EXERCISE GOAL
Verbatim, and with nothing else, reproduce the data below from its first line through the line containing "245 Northeast Hill".

--- DATASET EXCERPTS ---

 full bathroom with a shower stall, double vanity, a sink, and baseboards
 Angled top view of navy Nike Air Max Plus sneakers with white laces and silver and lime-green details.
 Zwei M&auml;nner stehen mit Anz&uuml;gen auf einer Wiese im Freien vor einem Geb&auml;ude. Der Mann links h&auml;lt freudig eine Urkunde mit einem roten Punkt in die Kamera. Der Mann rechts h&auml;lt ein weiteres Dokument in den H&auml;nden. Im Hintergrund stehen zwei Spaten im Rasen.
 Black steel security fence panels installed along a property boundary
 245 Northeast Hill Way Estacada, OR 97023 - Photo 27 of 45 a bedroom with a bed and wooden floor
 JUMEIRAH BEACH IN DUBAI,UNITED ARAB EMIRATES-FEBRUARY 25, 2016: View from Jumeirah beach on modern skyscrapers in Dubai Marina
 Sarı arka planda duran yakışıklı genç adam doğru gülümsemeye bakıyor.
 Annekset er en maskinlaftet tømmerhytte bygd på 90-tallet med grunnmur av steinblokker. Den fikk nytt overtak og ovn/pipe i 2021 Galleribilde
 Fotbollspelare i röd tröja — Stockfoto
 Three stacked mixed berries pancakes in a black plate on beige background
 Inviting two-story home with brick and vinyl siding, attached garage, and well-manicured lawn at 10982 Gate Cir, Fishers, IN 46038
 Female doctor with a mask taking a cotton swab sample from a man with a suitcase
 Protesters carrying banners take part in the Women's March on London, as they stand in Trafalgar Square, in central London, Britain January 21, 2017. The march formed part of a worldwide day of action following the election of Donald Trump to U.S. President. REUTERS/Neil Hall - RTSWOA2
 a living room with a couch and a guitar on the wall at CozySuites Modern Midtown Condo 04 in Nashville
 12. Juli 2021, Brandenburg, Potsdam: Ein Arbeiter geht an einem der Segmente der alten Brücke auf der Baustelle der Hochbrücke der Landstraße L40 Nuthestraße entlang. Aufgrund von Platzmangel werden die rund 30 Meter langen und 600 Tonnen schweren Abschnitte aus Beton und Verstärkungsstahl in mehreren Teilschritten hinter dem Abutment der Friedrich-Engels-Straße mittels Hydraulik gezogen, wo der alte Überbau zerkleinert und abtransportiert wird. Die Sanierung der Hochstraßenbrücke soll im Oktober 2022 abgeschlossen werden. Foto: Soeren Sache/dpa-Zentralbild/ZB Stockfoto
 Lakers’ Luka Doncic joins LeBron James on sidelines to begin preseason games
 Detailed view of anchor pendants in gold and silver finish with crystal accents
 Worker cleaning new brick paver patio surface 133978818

---

EXPECTED OUTPUT
 full bathroom with a shower stall, double vanity, a sink, and baseboards
 Angled top view of navy Nike Air Max Plus sneakers with white laces and silver and lime-green details.
 Zwei M&auml;nner stehen mit Anz&uuml;gen auf einer Wiese im Freien vor einem Geb&auml;ude. Der Mann links h&auml;lt freudig eine Urkunde mit einem roten Punkt in die Kamera. Der Mann rechts h&auml;lt ein weiteres Dokument in den H&auml;nden. Im Hintergrund stehen zwei Spaten im Rasen.
 Black steel security fence panels installed along a property boundary
 245 Northeast Hill Way Estacada, OR 97023 - Photo 27 of 45 a bedroom with a bed and wooden floor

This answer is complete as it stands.